Pix 5: the fish they catch then use as bait for the larger ones – Moon Wrasse.
And they do catch big, expensive fish too.
Pix 6 shows some more bait: that “jelly fish” has a large hook and nylon line inside. The handsome guy is Dr Hamid, one of the senior staff from the Institute of Tropical Biology and Conservation at University Malaysia Sabah.
So what happened to the poachers? The man had his boat added to the confiscated pile. The boys were made to stand on the boat and be photographed holding some of their catch. The fish that were still alive were released. The others – most of them anyway – were eventually returned to them.
Then all four of them were set to work carrying large gunny sacks, with orders to clean up the flotsam rubbish on the beach.

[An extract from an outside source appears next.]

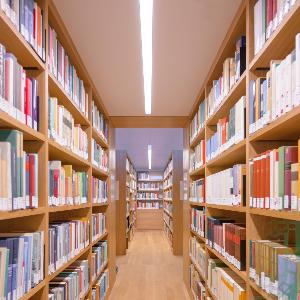 A library corridor lined with full bookselves | © LMU A library corridor lined with full bookselves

I think some of their equipment may have been confiscated; not sure about that. After the cleanup, they were released with the outrigger and strict instructions not to return to fish inside the park boundaries. (The outrigger, by the way, has a propeller powered by a pump engine, for use in emergencies.)
The only people who can fish inside the park are the few who lived there before the park was gazetted. More about some of them next time.
Most of the poachers are the Sea Gypsies (Orang Perahu) a sub-group of the Bajau Laut peoples. (Laut means sea). Originally many of them came from Philippines where they were made unwelcome. They are often stateless, living on their boats, sometimes on houses built out to sea (more about that soon too) or on temporary huts built at the shoreline somewhere. Many of them are not poor – not in the sense of starving or without money. Those large fish and octopus fetch good money.
Hassled, they move on, roving throughout the Sulu and Sulawesi Seas, living a life at sea … given a chance to put down roots, many of them would not accept, although they would like to have some kind of legal status somewhere.
Before the Sabah Parks moved into this area, poachers were devastating the corals with bombs and other unlawful, wasteful and STUPID methods (not all of them non-Malaysians, either). One guy I know, doing research work on the reef, was almost killed by a bomb while he was diving. I have no sympathy for poachers.
Or do I?
Suddenly they have a face. Three young people roaming the sea with a wok of tapioca and a hold full of fresh seafood – and they didn’t look so very different from me as a kid, running wild every summer, fishing around Mandurah in Western Australia.
Life is complicated.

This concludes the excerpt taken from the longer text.